Cases related to “illicit sex”(姦), and more particularly to “sodomy” (鷄姦), are among those that have received considerable attention from Qing historians. The research that has been conducted into these topics has established that from the Yongzheng reign (1723-1735) on, the Qing state was increasingly preoccupied with regulating a wide range of sexual behavior, including widow “adultery” and sexual acts that involved two men. This was reflected in the growing legislation that explicitly targeted such behavior for punishment in the 18th century. To date, however, no scholars appear to have examined the Manchu sections that accompany the Chinese text in a good portion of the routine memorials that touch on these issues, especially those from the early and middle Qing.

I have had the opportunity to read the Chinese and Manchu portions of a very limited selection of five legal cases and one more general memorial, all of which touch on instances of sodomy. The majority of sodomy cases entered the local and central legal record as the result of an act of serious or fatal violence. The cases I mention here are no exception in this respect: all came to light after a murder or assault was committed. These documents were produced across the Shunzhi, Yongzheng, and Qianlong periods, and there appears to have been a substantial degree of variation in the amount of detail included in the Manchu sections of legal memorials relative to the Chinese sections of the documents. My initial impression from skimming through legal memorials from the Shunzhi-Qianlong periods is that, in general, the Manchu and Chinese summaries from the early part of the dynasty are more similar in content. This is in part because the Chinese-language summaries from the Shunzhi period are themselves generally rather brief when compared to the far longer reports that were assembled during the Yongzheng and Qianlong reigns. For instance, one memorial from Shunzhi 13 includes a Manchu-language case summary that appears to have be drawn directly from the final Chinese-language case summary preceding sentencing that was provided in the same memorial. In a later memorial I examined from Qianlong 8 (1743), the Manchu text is shorter than the Chinese text and based not on the summary preceding sentencing, but on the more compressed case description generally included at the very end of routine memorials. I should point out here that this difference in length is relative. The Manchu portion of the 1743 memorial is quite long when considered by itself, but substantially shorter than the detailed Chinese report. The growing discrepancy in content between the Manchu and Chinese legal summaries of the 18th century, if indeed such a trend exists, may be due not so much to the Manchu text being more abbreviated than memorials from the early Qing, but rather because of the growing detail of Chinese reports in the 18th century.

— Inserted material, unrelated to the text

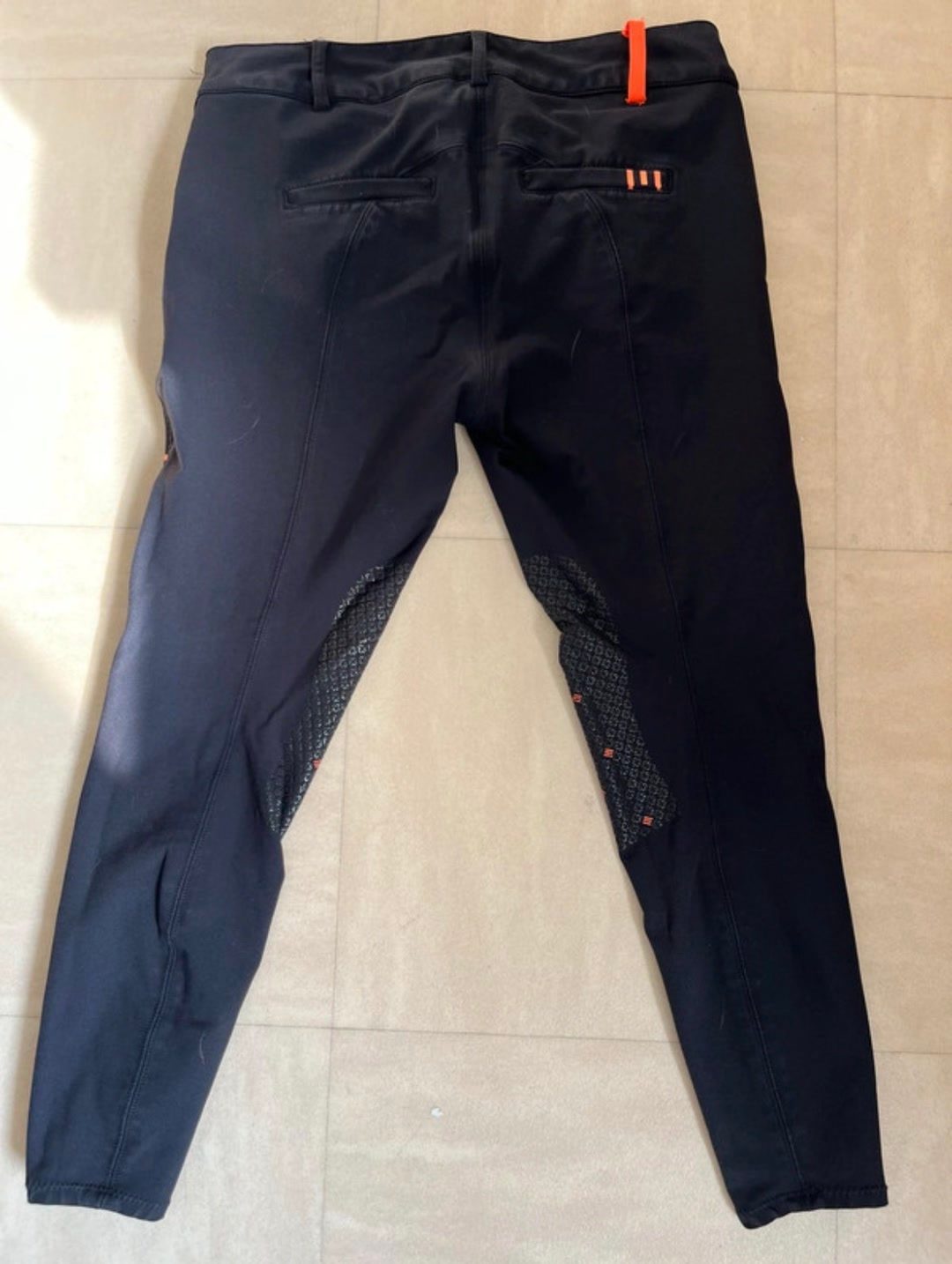 Pantalon Dark GEM, média 2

Routine memorials on legal matters generally begin with the local magistrate’s initial report, which often provides the relatively unvarnished picture of case circumstances that lower-level officials were obligated to furnish for their superiors. None of the Manchu sections of sodomy related cases I examined include the level of detail and sometimes verbatim testimony found in the corresponding portions of the Chinese sections of many routine memorials, again mainly from the Yongzheng period and after. However, while the questions posed by various officials during interrogations, detailed witness statements, and other information appears to have mostly been excluded from Manchu-language reports, the Manchu summaries do sometimes translate short sections of spoken testimony. When compared with the Chinese versions, these translations offer some interesting differences for us to think about.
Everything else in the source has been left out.